“This above all: to thine own self be true…”
Job fit is more than just being able to do the work, but to also have that excitement and satisfaction for what you do.
At a time in life when I was looking to earn a little bit of extra cash on the side, going into direct sales seemed to connect well with my background. You know what I’m talking about — those businesses that have representatives who arrange to have “parties” in your home.
I didn’t just pick something randomly; I decided to sell products that I truly believed in and used frequently. I thought that being that deliberate about what company I was representing, by selecting one that has items that I’ve purchased and use all the time, that I would build in a passion for what I was doing. I already would rave to friends and family about the products I did own. Why not be the one selling them?

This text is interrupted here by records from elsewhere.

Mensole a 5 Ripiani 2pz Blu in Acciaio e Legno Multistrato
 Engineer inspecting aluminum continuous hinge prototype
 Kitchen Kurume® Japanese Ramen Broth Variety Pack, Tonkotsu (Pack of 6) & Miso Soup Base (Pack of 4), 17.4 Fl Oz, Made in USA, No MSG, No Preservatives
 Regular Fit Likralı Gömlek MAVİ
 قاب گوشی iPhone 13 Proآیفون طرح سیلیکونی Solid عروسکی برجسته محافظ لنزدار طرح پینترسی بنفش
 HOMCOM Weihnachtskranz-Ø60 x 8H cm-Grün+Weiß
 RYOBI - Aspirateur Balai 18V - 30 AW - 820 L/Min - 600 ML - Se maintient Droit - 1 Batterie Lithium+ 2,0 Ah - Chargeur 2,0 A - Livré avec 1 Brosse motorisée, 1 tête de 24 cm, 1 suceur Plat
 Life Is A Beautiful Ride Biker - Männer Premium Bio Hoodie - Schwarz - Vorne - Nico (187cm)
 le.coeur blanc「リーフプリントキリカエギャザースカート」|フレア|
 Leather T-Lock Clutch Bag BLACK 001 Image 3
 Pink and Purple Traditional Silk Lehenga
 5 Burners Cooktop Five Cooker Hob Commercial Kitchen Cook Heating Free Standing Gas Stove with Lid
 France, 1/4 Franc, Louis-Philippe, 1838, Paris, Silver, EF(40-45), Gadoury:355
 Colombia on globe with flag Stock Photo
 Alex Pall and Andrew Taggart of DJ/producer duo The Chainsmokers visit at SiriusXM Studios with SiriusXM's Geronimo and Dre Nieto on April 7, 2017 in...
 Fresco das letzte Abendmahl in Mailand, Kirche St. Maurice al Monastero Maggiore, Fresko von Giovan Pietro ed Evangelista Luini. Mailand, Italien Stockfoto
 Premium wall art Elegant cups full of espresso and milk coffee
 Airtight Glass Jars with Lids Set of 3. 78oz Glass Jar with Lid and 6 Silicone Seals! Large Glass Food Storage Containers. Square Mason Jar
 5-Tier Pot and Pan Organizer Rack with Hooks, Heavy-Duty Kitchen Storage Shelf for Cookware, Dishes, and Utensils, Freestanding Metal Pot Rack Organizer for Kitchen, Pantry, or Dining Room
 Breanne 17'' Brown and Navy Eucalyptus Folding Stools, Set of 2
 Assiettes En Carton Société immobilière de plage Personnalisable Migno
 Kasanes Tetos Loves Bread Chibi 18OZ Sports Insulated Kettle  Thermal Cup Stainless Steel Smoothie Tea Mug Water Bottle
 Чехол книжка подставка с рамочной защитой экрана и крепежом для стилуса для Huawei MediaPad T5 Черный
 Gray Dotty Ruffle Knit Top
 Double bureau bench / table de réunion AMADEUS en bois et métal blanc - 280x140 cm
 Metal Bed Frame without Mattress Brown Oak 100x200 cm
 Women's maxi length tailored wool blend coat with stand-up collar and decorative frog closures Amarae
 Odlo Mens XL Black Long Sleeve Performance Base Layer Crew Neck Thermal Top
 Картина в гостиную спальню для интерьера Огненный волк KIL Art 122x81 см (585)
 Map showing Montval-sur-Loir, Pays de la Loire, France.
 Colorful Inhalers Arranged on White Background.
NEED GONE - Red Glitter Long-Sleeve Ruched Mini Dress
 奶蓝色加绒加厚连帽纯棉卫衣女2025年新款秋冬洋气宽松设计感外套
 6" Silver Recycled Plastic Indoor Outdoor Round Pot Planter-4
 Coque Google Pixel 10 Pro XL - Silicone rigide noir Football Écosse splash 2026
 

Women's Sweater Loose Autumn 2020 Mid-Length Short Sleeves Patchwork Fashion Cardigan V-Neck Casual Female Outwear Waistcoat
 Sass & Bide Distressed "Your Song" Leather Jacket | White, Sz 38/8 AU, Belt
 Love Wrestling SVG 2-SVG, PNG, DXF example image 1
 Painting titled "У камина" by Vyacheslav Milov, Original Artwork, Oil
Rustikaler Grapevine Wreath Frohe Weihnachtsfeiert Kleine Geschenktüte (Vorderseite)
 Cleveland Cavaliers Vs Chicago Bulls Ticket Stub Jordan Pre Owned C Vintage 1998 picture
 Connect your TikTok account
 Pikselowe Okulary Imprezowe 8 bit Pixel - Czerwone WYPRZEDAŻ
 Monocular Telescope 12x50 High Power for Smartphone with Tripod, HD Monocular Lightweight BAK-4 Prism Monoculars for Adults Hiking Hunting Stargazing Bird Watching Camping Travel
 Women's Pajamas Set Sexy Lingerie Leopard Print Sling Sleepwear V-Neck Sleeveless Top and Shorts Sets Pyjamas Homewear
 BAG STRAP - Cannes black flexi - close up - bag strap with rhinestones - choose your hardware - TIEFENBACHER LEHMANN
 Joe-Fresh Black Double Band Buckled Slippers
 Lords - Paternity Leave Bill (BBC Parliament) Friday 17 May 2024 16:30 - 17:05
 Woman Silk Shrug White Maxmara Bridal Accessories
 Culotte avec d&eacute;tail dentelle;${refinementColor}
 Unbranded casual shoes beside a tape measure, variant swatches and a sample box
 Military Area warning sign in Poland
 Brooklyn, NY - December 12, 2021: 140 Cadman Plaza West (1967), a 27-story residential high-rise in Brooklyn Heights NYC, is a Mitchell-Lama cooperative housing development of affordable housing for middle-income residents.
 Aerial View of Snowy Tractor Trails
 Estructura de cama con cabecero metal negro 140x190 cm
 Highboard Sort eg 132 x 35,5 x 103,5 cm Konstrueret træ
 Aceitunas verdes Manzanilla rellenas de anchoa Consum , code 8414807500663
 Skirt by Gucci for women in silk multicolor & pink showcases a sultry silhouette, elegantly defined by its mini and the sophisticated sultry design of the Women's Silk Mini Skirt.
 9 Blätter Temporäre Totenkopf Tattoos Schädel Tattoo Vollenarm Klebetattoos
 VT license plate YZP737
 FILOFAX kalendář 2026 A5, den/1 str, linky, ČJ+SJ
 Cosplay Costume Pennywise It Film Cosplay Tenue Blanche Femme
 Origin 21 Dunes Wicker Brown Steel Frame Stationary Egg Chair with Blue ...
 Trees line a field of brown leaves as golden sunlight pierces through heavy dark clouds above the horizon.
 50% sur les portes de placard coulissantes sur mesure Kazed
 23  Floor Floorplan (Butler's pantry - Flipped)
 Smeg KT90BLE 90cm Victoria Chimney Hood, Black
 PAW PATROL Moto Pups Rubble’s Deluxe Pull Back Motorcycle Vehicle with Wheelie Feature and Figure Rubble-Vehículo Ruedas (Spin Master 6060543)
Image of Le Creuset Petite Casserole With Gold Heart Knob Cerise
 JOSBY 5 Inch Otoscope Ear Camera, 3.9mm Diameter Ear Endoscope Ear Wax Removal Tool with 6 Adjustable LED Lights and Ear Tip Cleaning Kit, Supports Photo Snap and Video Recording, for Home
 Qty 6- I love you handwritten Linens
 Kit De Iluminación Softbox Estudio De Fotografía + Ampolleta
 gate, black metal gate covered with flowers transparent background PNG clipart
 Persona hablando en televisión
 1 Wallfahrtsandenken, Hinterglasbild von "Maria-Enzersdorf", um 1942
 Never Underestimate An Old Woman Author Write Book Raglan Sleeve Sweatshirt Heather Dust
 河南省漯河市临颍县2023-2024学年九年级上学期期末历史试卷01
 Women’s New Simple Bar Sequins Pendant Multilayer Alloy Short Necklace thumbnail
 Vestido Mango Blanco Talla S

I had some misgivings about this venture from the onset. After I had set up a time to talk with someone about joining their ranks, I wasn’t exactly as gung-ho as I usually am about a new project. At the time, I couldn’t quite put my finger on what it was. After all, working in nonprofit helped me to develop skills that would relate well to the sales field — building relationships, marketing, cold calling, being persuasive. I had even developed a thick skin for the rejection that invariably came when asking for financial support or for volunteers. And I had no qualms about calling back people who didn’t give me an unequivocal “no.” So I brushed those feelings aside and plunged ahead.
That was a mistake.
Sure, I could do the various aspects of the job. The bigger question for me, though, was, “Do I really feel comfortable doing this?” Honestly? No, I didn’t. What I had to sell wasn’t a must-have; their lives would continue on just fine without the wares that I was peddling.
Knowing that life situations happen to people all the time, I just couldn’t bring myself to keep calling again and again if I was told the timing was bad. Every time a potential customer would say to me, “I’d love to have a party, but money’s pretty tight now,” I didn’t have the heart to keep pushing the issue solely for my benefit.
Eventually, I realized that last point was at the core of why my heart wasn’t into direct sales. All the skills and aptitude I developed in nonprofits worked well in that situation because my efforts were on behalf of the clients who used the organization’s services. There was a mission behind my work. But in sales, it was just… me.
This is not to say that the sales profession is bad. It just wasn’t a good fit for me.
In retrospect, the experience I had with direct sales ended up being positive because it allowed me to gain further insight into my personality and what motivates me.
What experiences have you had that helped you clarify your job fit?